39. The tool of claim 31 wherein said carrier member at a forward end thereof has jagged means for scrape-cleaning grooves in golf club faces.
40. The tool of claim 31 wherein said post extends up from said floor to a height below a height of a wall of said recessed well.
41. The tool of claim 31 further comprising a pair of elongate tapered prongs extending out from said carrier member, and having pointed ends spaced relative to one another and dimensioned to fit into corresponding recesses in a golfing shoe spike for removal of the spike by turning said carrier member.
42. The tool of claim 41 wherein said prongs are each approximately 1.35 inches long, and said pointed ends are spaced approximately 0.5675 inch apart.
43. The tool of claim 31 wherein said post is positioned on the lateral axis.
44. The tool of claim 31 wherein said post is cylindrical.
Description
CROSS-REFERENCE TO RELATED APPLICATION

This is a continuation of application Ser. No. 08/582,672, filed Jan. 4, 1996 now U.S. Pat. No. 5,733,208.

BACKGROUND OF THE INVENTION

The present invention relates to golf tools and accessories and more particularly to golf tools having multiple applications and constructed in a single compact apparatus, and to methods of using same.

Numerous different golfers tools have been developed over the years to help the golfer with different activities experienced during golfing play. While some of the tools have only one function, others have multiple functions. The functions can include ball marker holder, club groove cleaner, cleat wrench, cigarette holder, golf club rest, knife and so forth. Examples of some of the prior golf tools are shown in the following patents (each of whose entire disclosure is hereby incorporated by reference): U.S. Pat. Nos. Des. 218,836 (Watanabe), Des. 237,516 (Yaudes), Des. 247,686 (Desjardins), Des. 285,233 (Owen), Des. 290,985 (Dikoff) and Des. 361,815 (Fazekas); and 3,049,182 (Pelow), 3,203,700 (Antonious), 3,744,542 (Stephens et al.), 3,774,913 (Dien), 3,763,515 (Voss), 4,063,731 (Kitay), 4,315,624 (Buckman) and 4,535,987 (Dikoff).

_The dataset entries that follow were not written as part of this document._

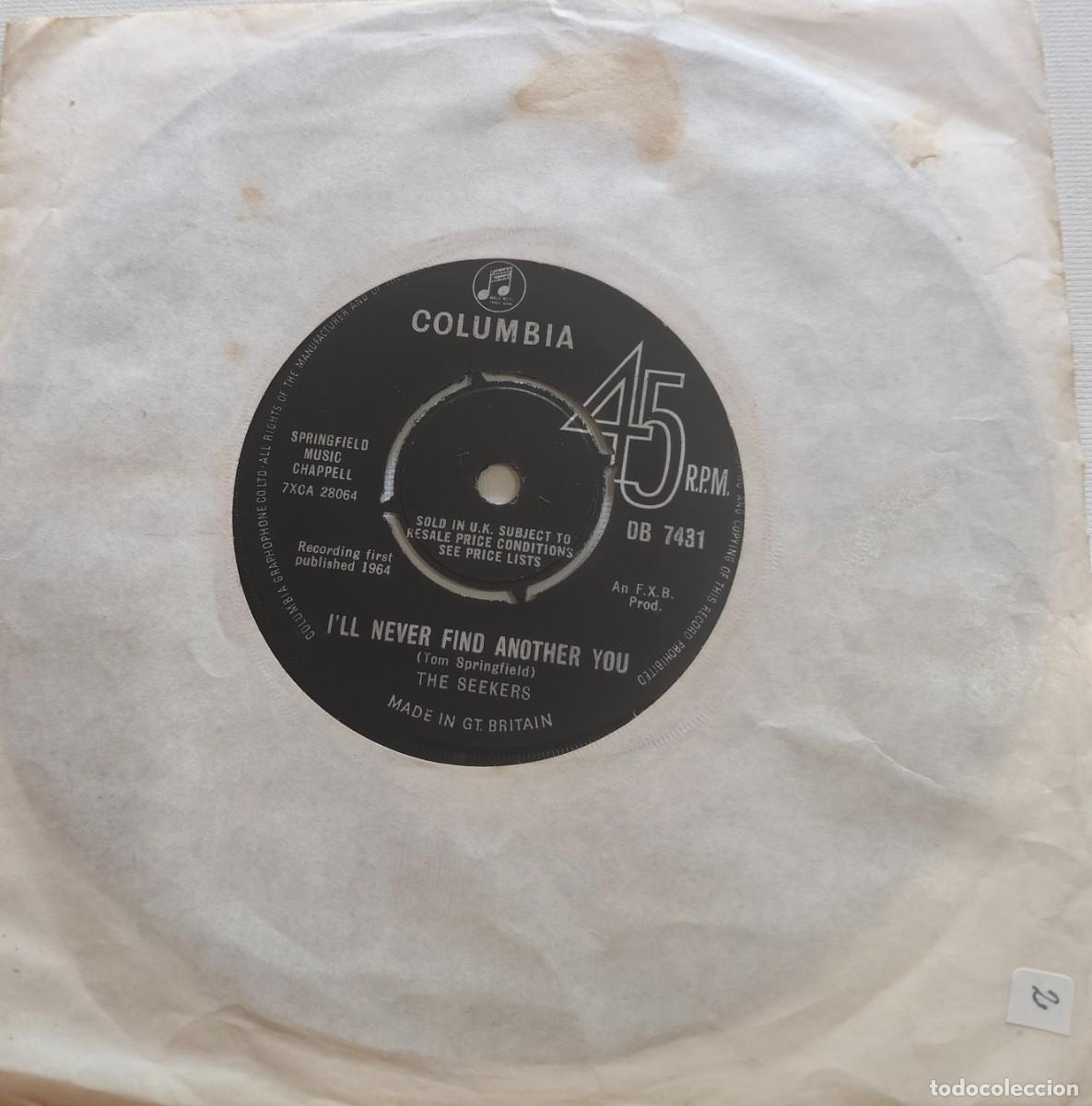 Discos de vinilo: THE SEEKERS -I'LL NEVER FINDANOTHER YOU-PEDIDO MINIMO 11 EUROS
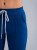Spodnie medyczne damskie scrubs DZWONY ROYAL BLUE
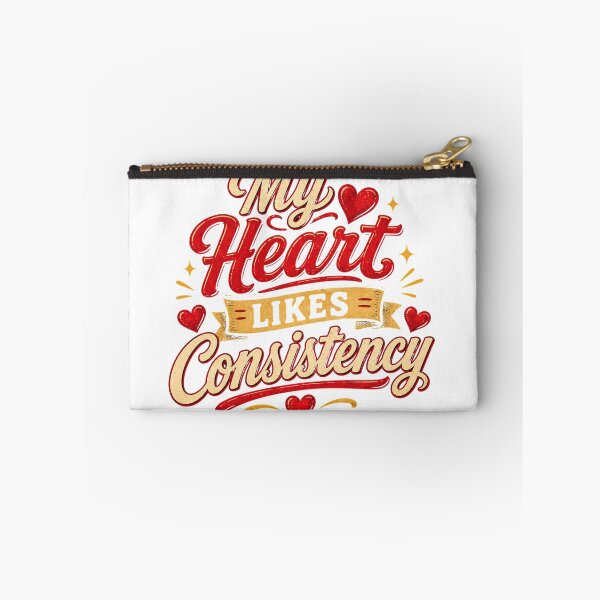 Item preview, My Heart Likes Consistency Shirt designed and sold by JagrDesigns.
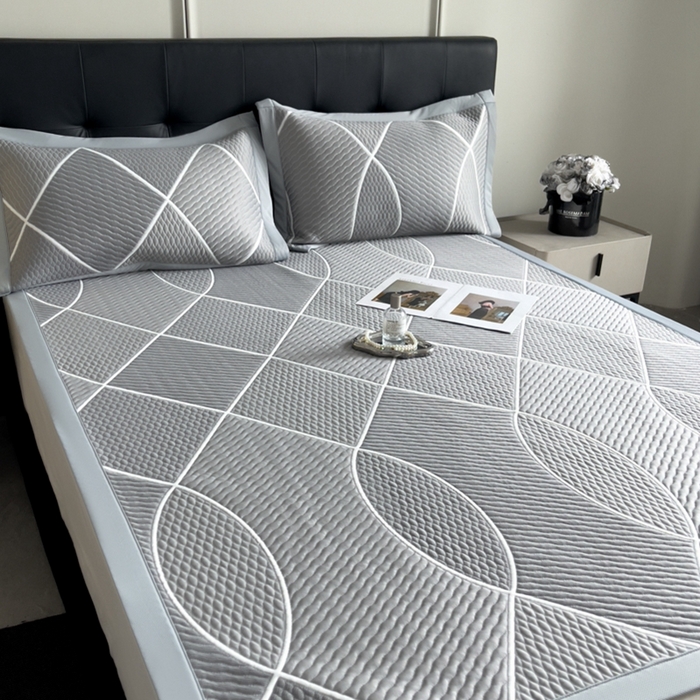 91家纺网 家纺一手货源 找家纺 慕尚家纺 2025新款泡泡大PE提花软席 交织 灰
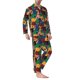 thumbnail image 2 of Fotbe Colored Guitars Pijama de Hombre con Estampado de Manga Larga, Conjunto de 2 Piezas, Ropa de Dormir Suave y Cómoda con Bolsillos-X-Large, 2 of 7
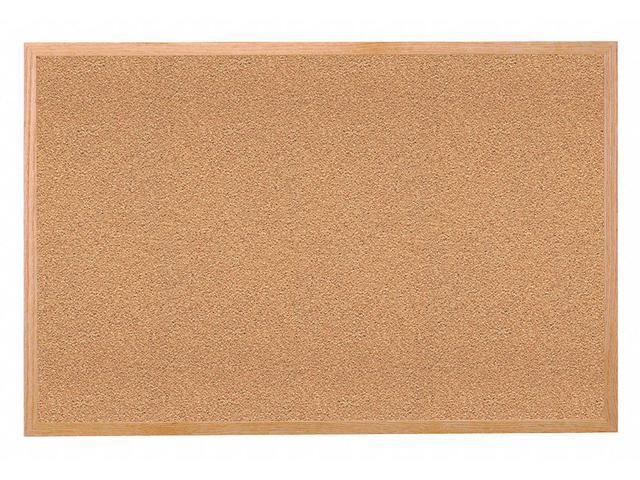 GHENT 1423-1 Cork Bulletin Board, Natural, Indoors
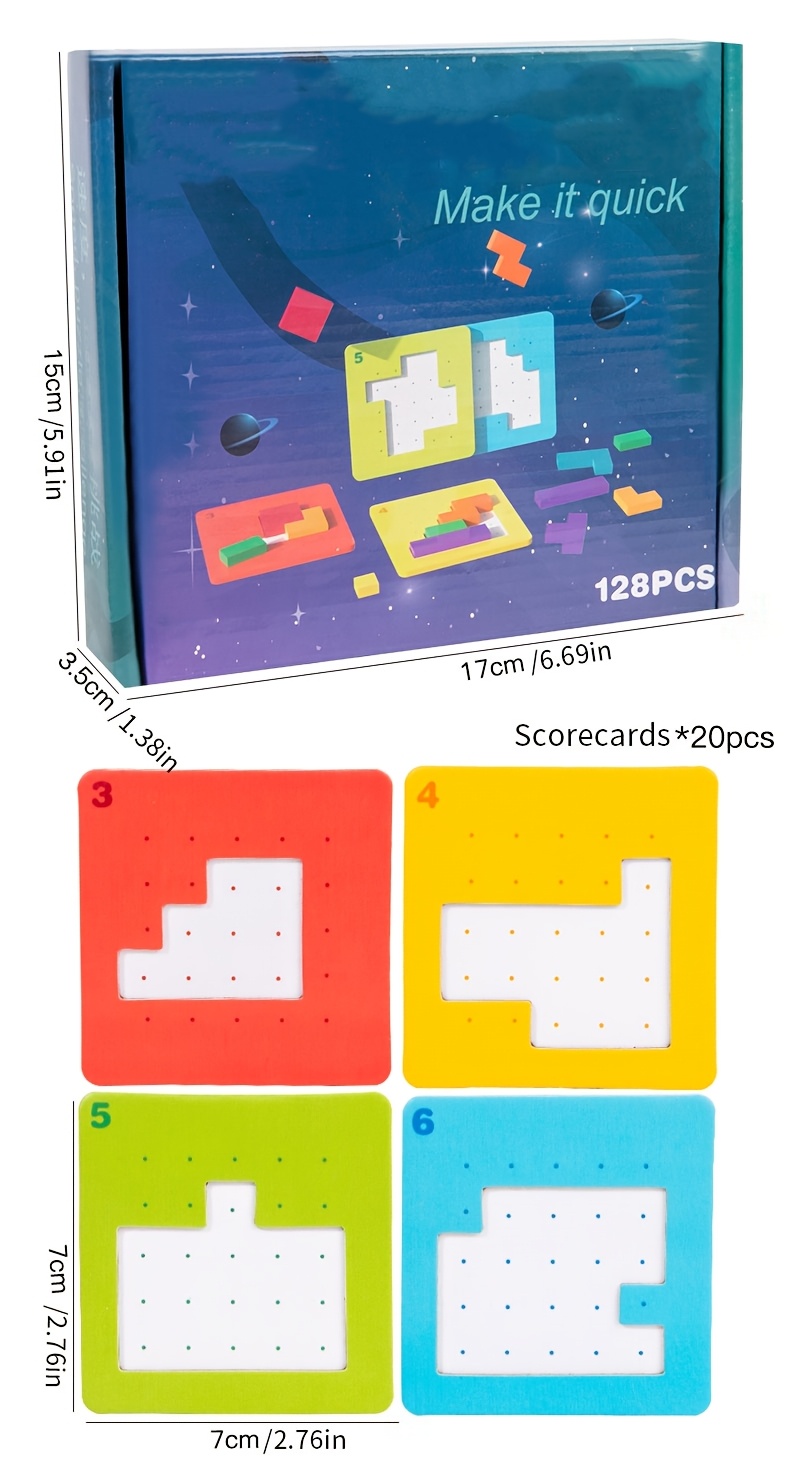 Geometric Shape Puzzle Toy, an Interactive Tabletop Game for Quick Play, Perfect As a Christmas Gift.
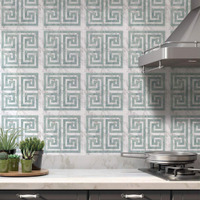 Adesivos de Azulejos Ladrilhos Cartela Mármore Cinza e Branco 07-10x10cm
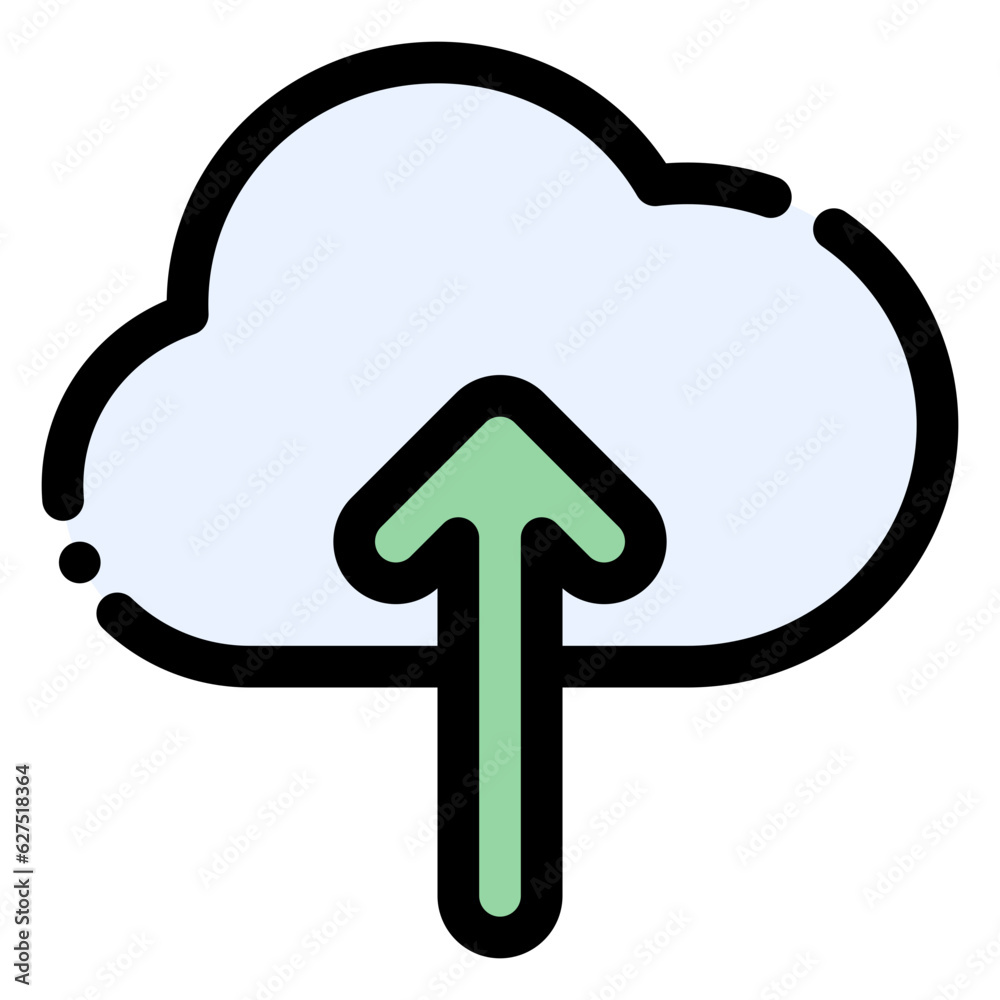 upload icon in flat line style upload icon in flat line style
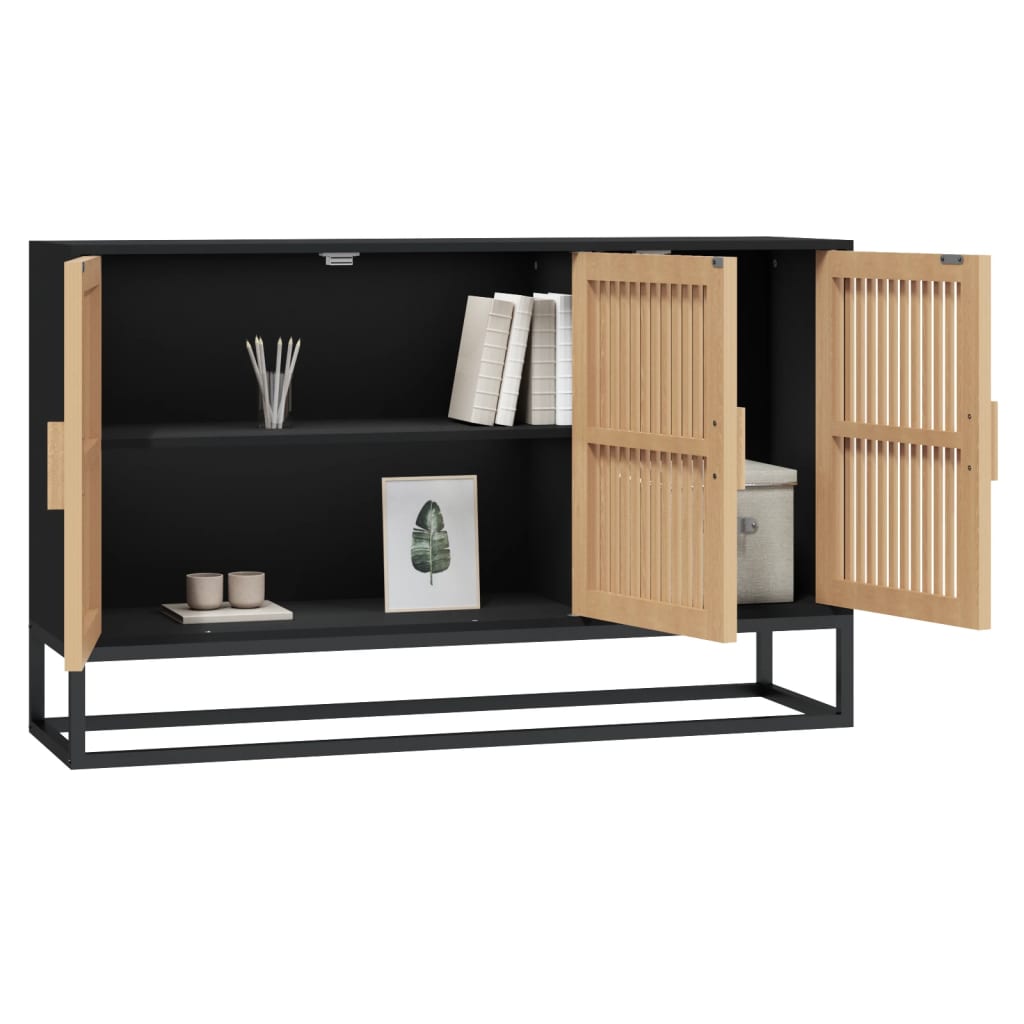 Buffet noir 105x30x65 cm bois d'ingénierie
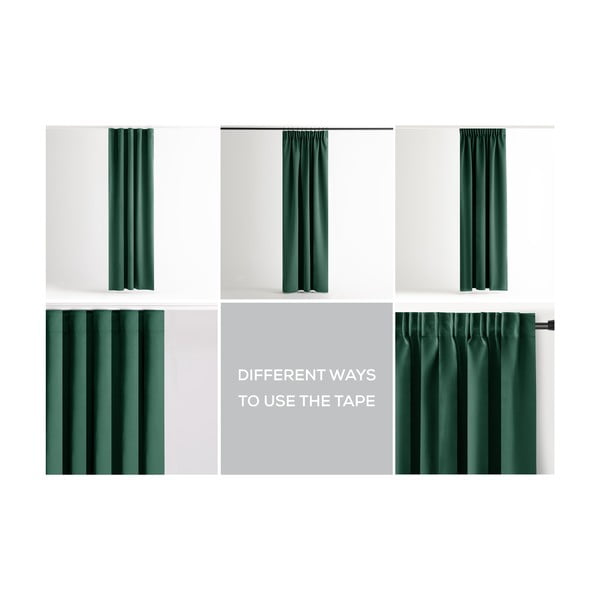 Draperie verde-închis dimout (semi-opacă) 140x245 cm Kierra – Restilo-image-3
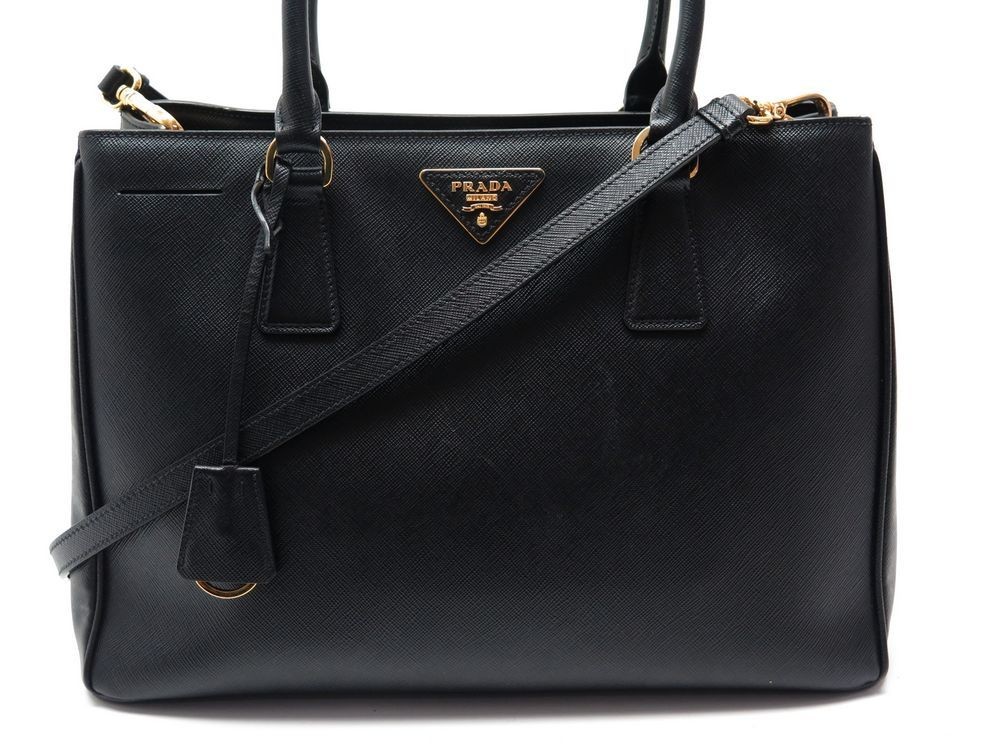 sac a main prada galleria 1ba874 cuir saffiano noir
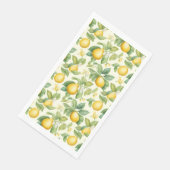 Mediterrane citroenbloesems Citrus Servet (Hoek)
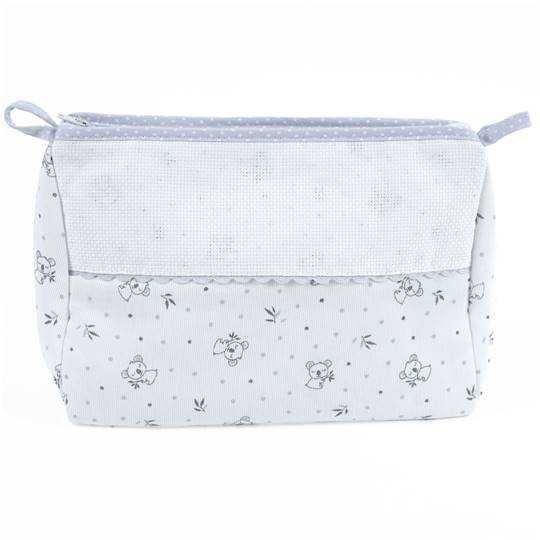 Trousse de Toilette à broder "Koala" Gris - DMC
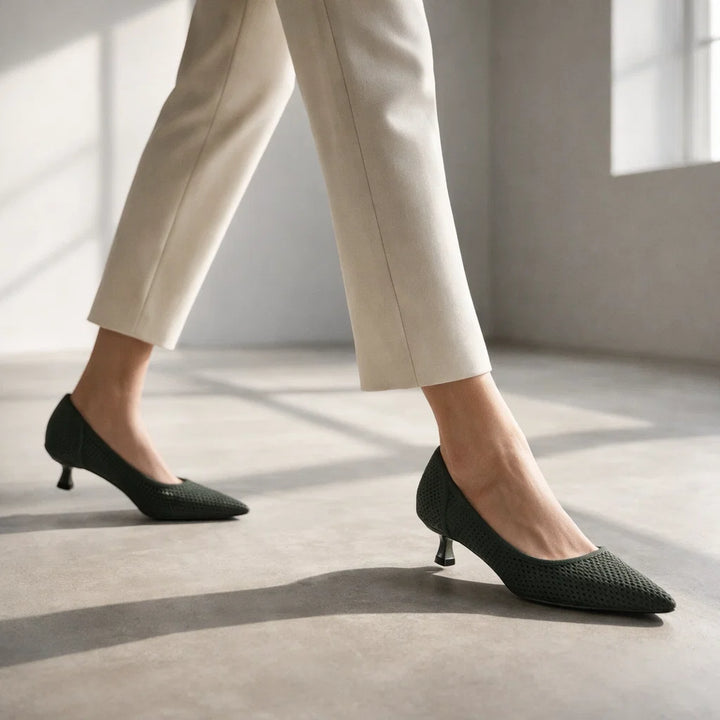 Aurielle Kitten Heel Pumps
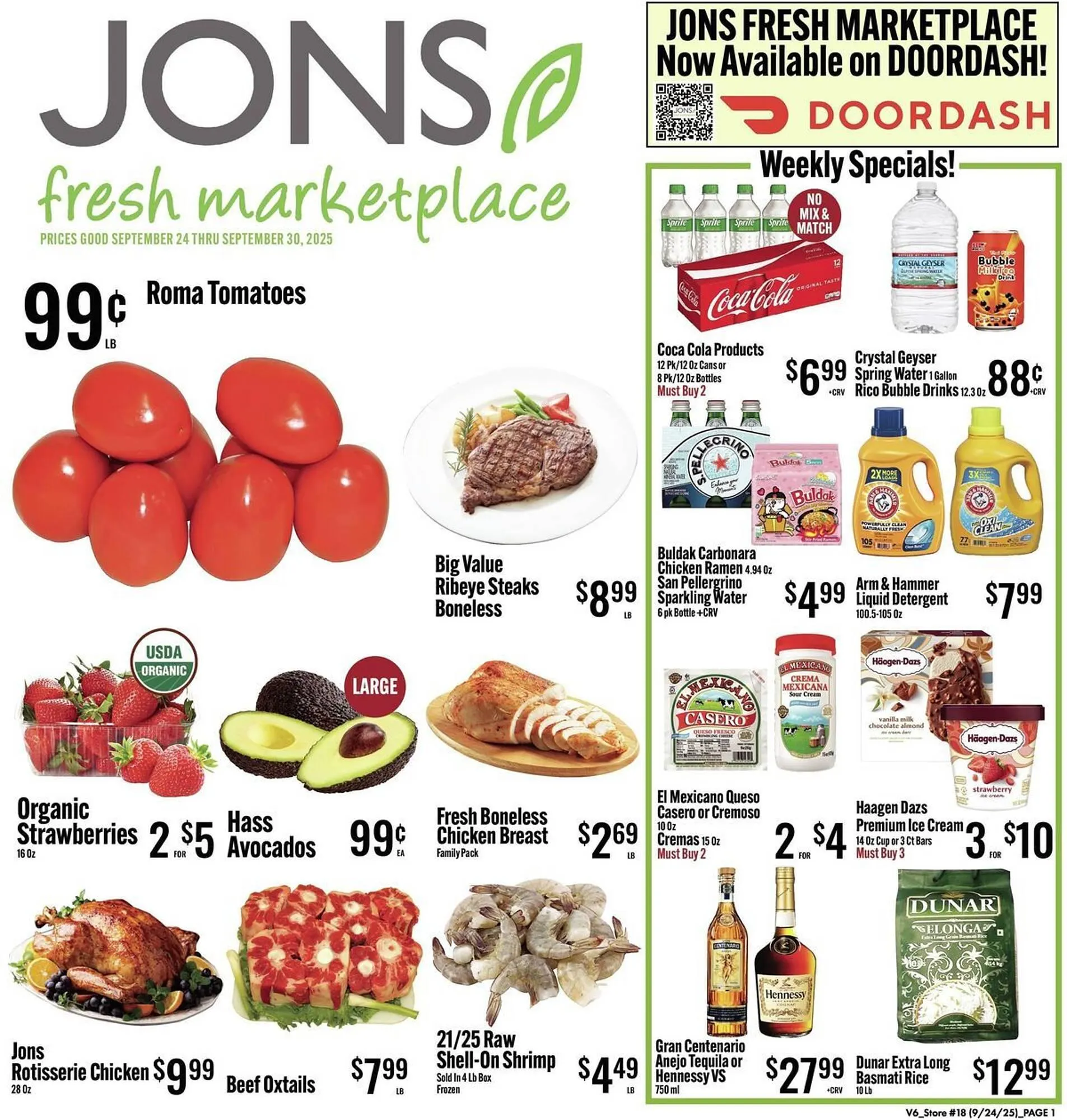 Weekly ad Jons International weekly ad from September 24 to September 30 2025 - Page 1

No golf tool has been designed, however, which provides for multiple functions to be conducted efficiently with a simple compact and attractive construction.

SUMMARY OF THE INVENTION

Directed to remedying the problems in and disadvantages of the prior art, an improved multi-purpose golf tool(s) and method(s) of using same are disclosed herein. The tool includes a carrier member having a round recess with a surrounding wall. A magnetic post affixed in the center of the recess releasably holds a round metallic ball marker in place in the recess. To release the marker from the carrier member and quickly, easily and accurately position it on the grass, the user simply pushes down with his thumb on one edge of the marker and then slides it over the post, the adjacent surrounding wall and the front edge of the tool and into position on the grass.

The front edge has a rough (ribbed, jagged, serrated or corrugated) configuration to fit into and clean dirt out of the face grooves of a golf club. Extending rearwardly of the carrier member are a pair of elongate prongs. The prongs and their tips are configured and dimensioned so that the tool can function both as a turf repair tool and uniquely as a cleat or spike wrench. Auxiliary can/bottle opener and/or small knife can be pivotally mounted to the back of the carrier member. The tool, and particularly the ball marker holder arrangement, can be alternatively constructed as a luggage tag, a money clip, a golf club end or a lapel pin.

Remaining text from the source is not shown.